Problem details:
Starting at the line with "CBA球队排名大幅调整，争冠集团格局生变" and ending at the line with "Ekonometrika terapan : teori", print exactly the lines of the entries below. Pictures do not belong in the copy.

Input records:
____

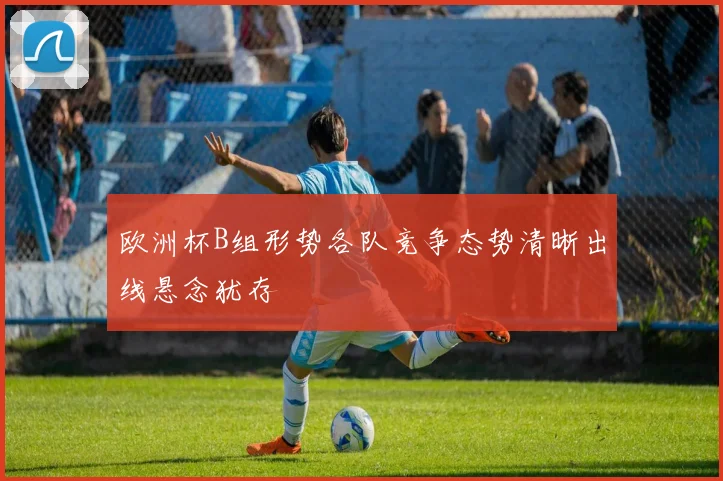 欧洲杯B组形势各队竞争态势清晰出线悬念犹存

____

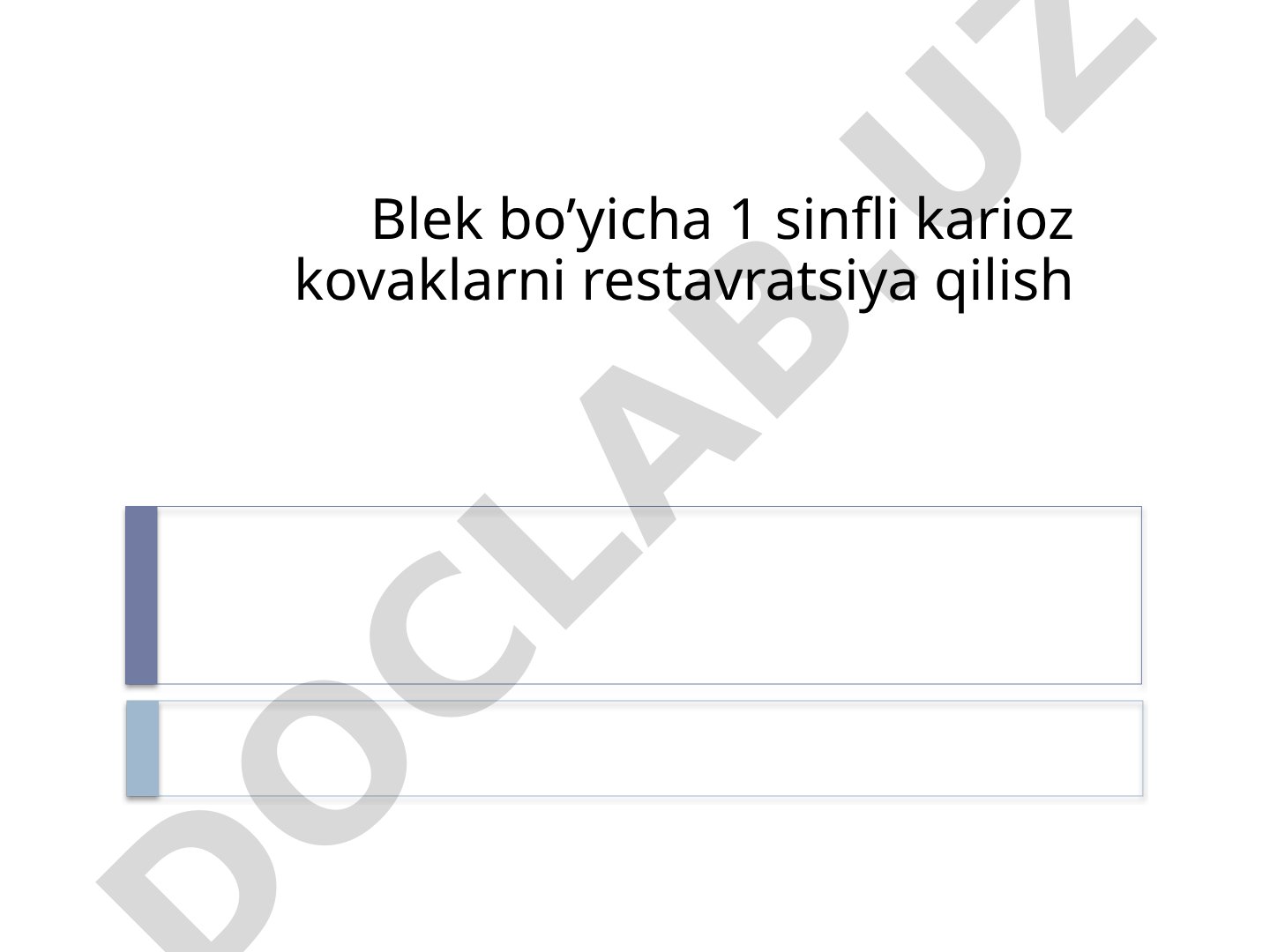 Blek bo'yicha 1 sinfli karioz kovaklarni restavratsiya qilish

____

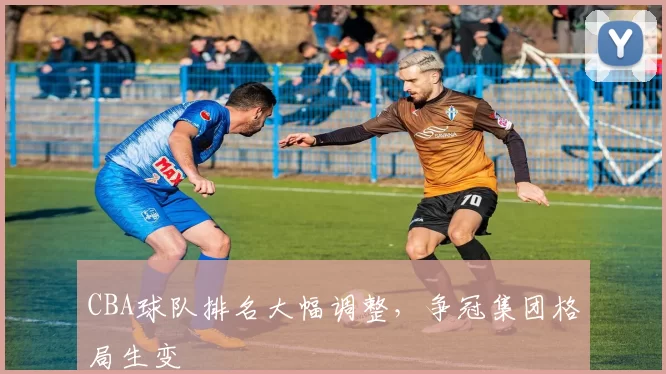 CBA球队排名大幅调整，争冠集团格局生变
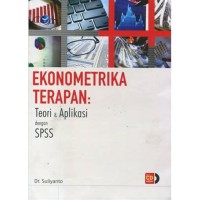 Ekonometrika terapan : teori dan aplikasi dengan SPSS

____

Exercise answer:
 CBA球队排名大幅调整，争冠集团格局生变
 Ekonometrika terapan : teori dan aplikasi dengan SPSS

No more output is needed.